To assess whether epinephrine augments the central nervous system toxicity of intravenously administered local anesthetics, Takahashi et al.  conducted a series of experiments using awake, spontaneously breathing rats. Before the study period, the animals were instrumented during general anesthesia with catheters for monitoring blood pressure and heart rate, blood sampling, and drug infusion. Microdialysis probes were also inserted, and the animals were allowed to recover in semidark cardboard boxes before experimentsbegan.

One group of 10 rats received lidocaine alone, whereas the other group received lidocaine with epinephrine. Animals were observed for onset of convulsions, defined as tonic/clonic movements, by an author blinded to group assignment. Arterial blood samples were drawn before infusion of lidocaine, at the onset of partial muscle twitch preceding convulsions, and at regular intervals thereafter to determine plasma concentrations of lidocaine. At the onset of convulsions, oxygen was supplied to the animals’ containers to prevent convulsion-induced hypoxia. The authors then quantitatively measured unbound concentrations of lidocaine in the brain’s extracellular fluid using a microdialysis technique. After completion of the experiment, brain specimens were prepared for histologic analysis to confirm location of the microdialysis probes.

The rats receiving the combination of epinephrine and lidocaine had higher mean arterial pressure and heart rates during infusion than those receiving lidocaine alone. After termination of infusion, these values decreased and there were no differences between the control and experimental groups. Rats in the epinephrine/lidocaine group had more convulsions and higher overall concentrations of unbound lidocaine than those in the lidocaine-only group. The concomitant administration of epinephrine enhanced the toxicity of intravenously administered lidocaine to the central nervous system and suggested an increased risk of seizures from intravascular injection of lidocaine if epinephrine were added.

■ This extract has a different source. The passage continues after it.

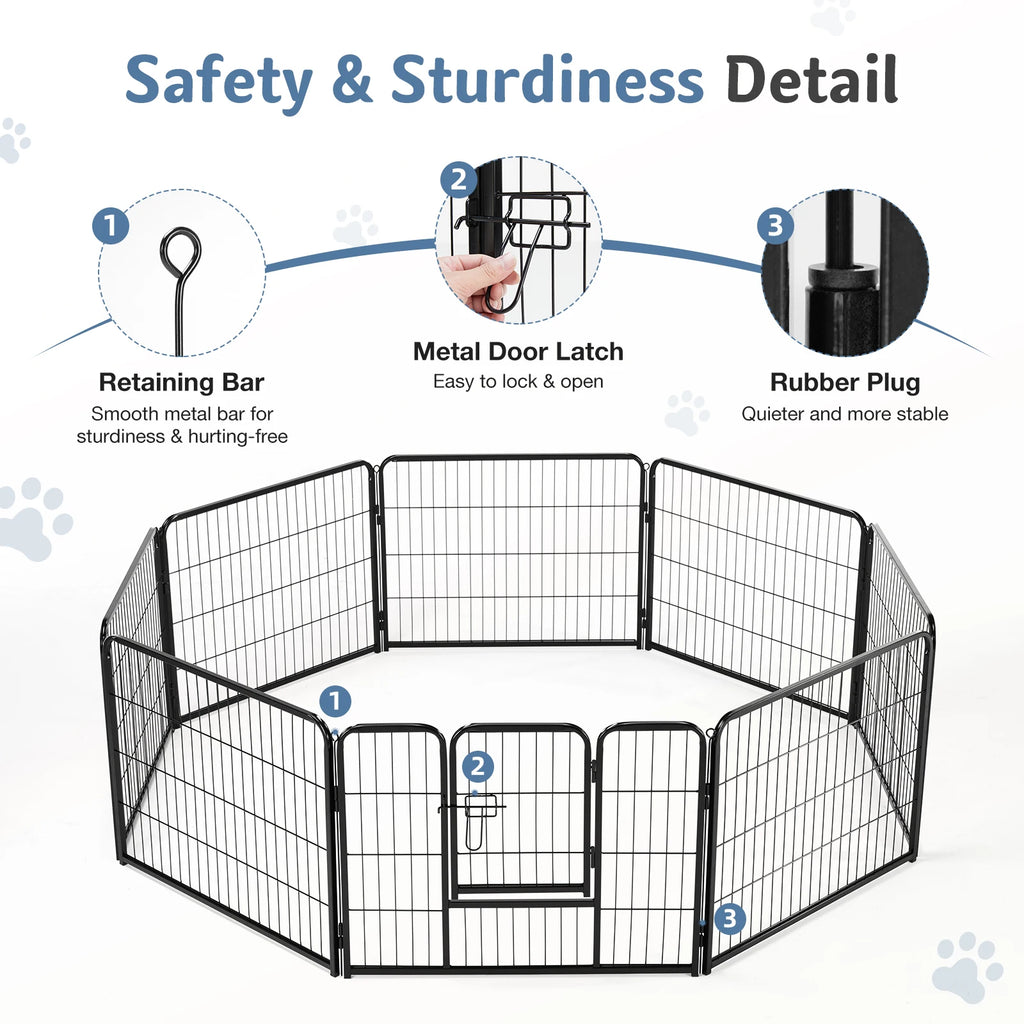 Metal Panels Outdoor Playpen for Large Dogs, Puppies, Cats and Kittens.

In an attempt to reduce the incidence of chronic amputation pain, Nikolajsen et al.  examined the effect of oral gabapentin compared to placebo in 46 patients scheduled for lower limb amputation. Surgeries were conducted with either spinal or general anesthesia, and bupivacaine was given epidurally until 2 or 3 days after amputation. Opioids were used to supplement epidural pain treatment and for treating pain when the epidural catheters were removed.

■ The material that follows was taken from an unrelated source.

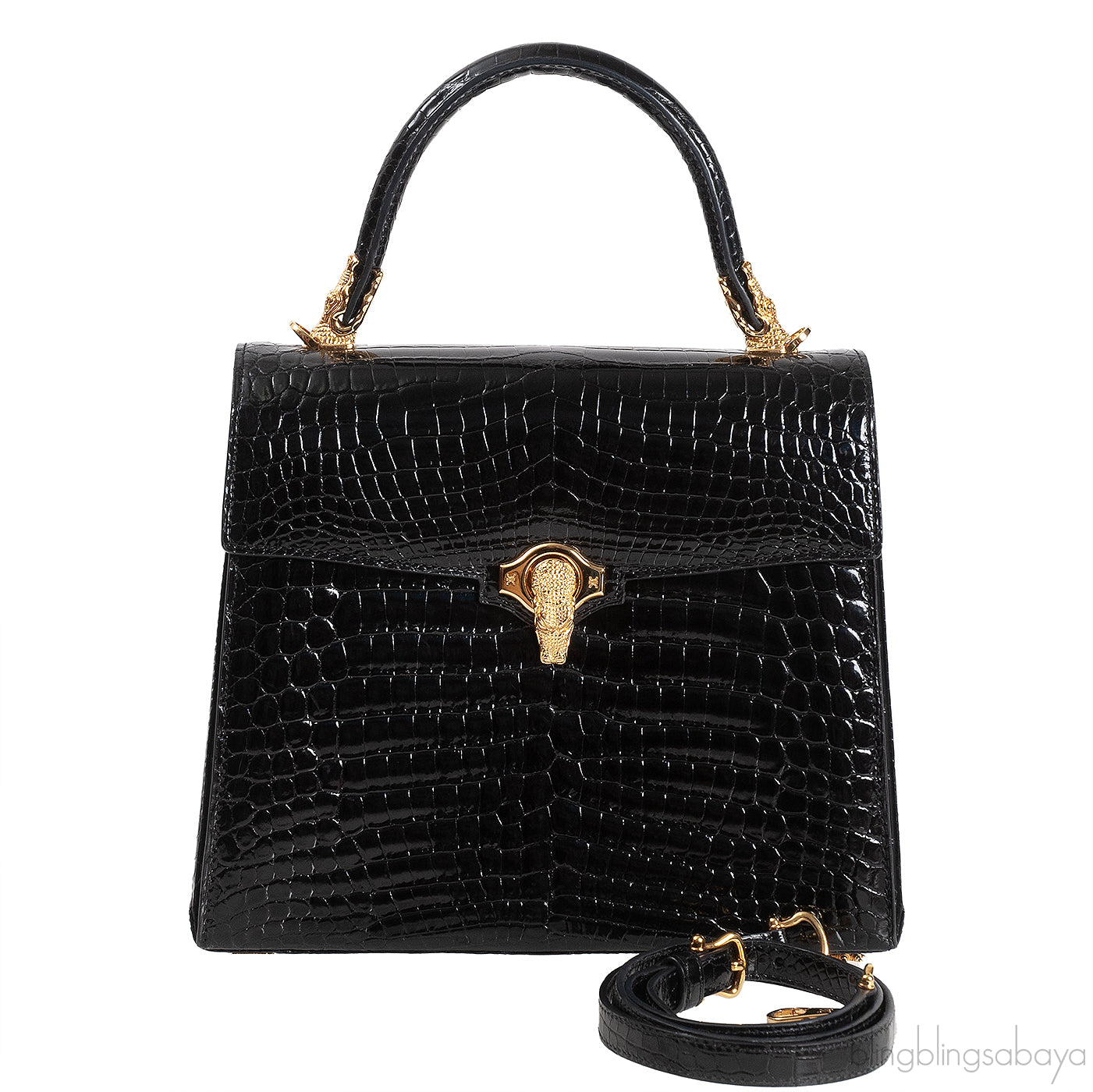 Black Signature Crocodile Bag GHW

Patients received one oral capsule (300 mg gabapentin or placebo) on the first postoperative day. The dose was gradually increased until postoperative days 13–30, when patients received eight capsules (2400 mg gabapentin). If patients experienced intolerable side effects, they were allowed to stay on lower doses of the drug for the remainder of the study period. Patients who did not tolerate a minimum dose of 900 mg gabapentin were withdrawn from the study.

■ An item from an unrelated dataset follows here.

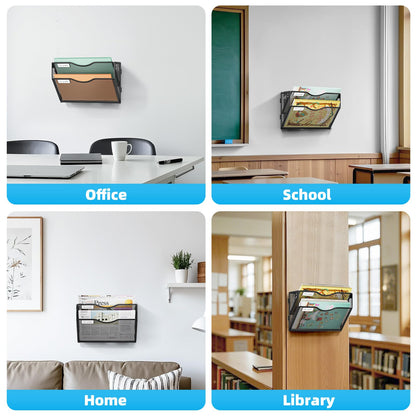 Marbrasse Wall File Holder 2-Tier Hanging Wall File Organizer, Mesh Mail Holder for Papers, Wall Mount File Clipboard & Magazine Organizer Great for Office Home - 2P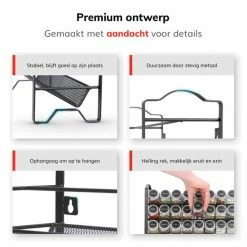 Deleca Kruidenrek Organizer Met 24 Kruidenpotjes - Vierkant - Strooideksel & Labels - Ophangbaar Of Staand - Industrieel / Zwart -SolisVac Plus Shop 550x550 1426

Incidence and intensity of stump pain and phantom pain were assessed for 30 days postsurgery using a numeric rating scale. The authors conducted patient interviews after 7, 14, and 30 days and at the 3-month and 6-month marks. Results from 41 patients were included in data analysis. Gabapentin administered in the first 30 days after amputation did not reduce the incidence or intensity of postamputation pain. It is possible that for patients in this study, who experienced high levels of preoperative pain, central sensitization of second-order neurons in the dorsal horn had already occurred and rendered them more resistant to postoperative treatment with the study drug.